KEY CONCEPT– Copyrights do not cover ideas, only individual expressions of ideas.

The Term, “copyright,” actually refers to a bundle of exclusive rights, including:

  1. The right to reproduce in copies or modify the work.
  2. The right to distribute and sell the work, or allow others to do so.
  3. The right to prepare or authorize derivative works.
  4. Derivative works are adaptations or transformations of the earlier work.

  5. The right to perform or display the work publicly, depending on the type of work.
  6. The right to control the integrity of the work and the attribution of authorship.

It is important to separate the concept of copyright from the physical object that contains copyrightable content. Transferring or selling the physical work is not the same as selling the copyright to the artwork. The mere sale of the artwork does not necessarily mean that the creator’s copyright in the work has been transferred – All exclusive transfers must be in writing.

What is covered by copyright? Copyrightable works include creations that are: literary, musical (including compositions and sound recordings), dramatic, pictorial, graphic, sculptural, audiovisual, architectural, choreographic or pantomimes.

What is NOT covered by copyright? Ideas, facts, concepts, principles, discoveries, titles, names, slogans, short phrases, blank forms, typefaces, general topics, common plots or themes, stock characters, processes or procedures.

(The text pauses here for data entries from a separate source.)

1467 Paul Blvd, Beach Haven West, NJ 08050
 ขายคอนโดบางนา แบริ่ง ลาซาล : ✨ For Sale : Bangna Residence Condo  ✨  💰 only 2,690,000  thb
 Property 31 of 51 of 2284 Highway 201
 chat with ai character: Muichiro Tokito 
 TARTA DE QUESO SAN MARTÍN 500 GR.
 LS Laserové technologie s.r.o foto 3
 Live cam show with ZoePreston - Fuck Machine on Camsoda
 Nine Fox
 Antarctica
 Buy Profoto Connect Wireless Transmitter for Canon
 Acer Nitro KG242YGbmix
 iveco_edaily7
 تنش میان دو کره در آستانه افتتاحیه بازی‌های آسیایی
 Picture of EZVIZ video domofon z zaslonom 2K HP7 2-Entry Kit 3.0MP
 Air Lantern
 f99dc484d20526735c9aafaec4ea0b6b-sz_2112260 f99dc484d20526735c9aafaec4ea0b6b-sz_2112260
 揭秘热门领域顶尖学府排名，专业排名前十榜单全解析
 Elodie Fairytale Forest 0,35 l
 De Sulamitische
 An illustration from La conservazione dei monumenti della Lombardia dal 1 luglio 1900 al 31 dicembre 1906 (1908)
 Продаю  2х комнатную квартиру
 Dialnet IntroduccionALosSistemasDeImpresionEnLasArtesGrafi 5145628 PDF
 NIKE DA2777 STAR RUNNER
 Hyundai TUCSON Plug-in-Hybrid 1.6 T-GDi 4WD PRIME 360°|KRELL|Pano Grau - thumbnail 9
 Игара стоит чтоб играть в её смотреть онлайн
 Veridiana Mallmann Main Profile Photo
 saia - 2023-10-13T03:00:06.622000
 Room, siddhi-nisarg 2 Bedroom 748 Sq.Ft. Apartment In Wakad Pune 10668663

  1. The work must be ORIGINAL.
  2. A very low threshold of creativity is required and the work does not have to be brilliant or unique. The work must simply exhibit a minimal level of creativity to be protectable. Any material added to a preexisting work is protectable, but you are not entitled to claim any rights in the preexisting work itself unless you also created it.

  3. The work must be FIXED in a “tangible medium of expression.”
  4. You have to record and save your work before it is protected by copyright. According to copyright law, all works are protected by as soon as they are “first fixed in a tangible medium of expression…from which they can be perceived, reproduced, or otherwise communicated, either directly or with the aid of a machine or device.”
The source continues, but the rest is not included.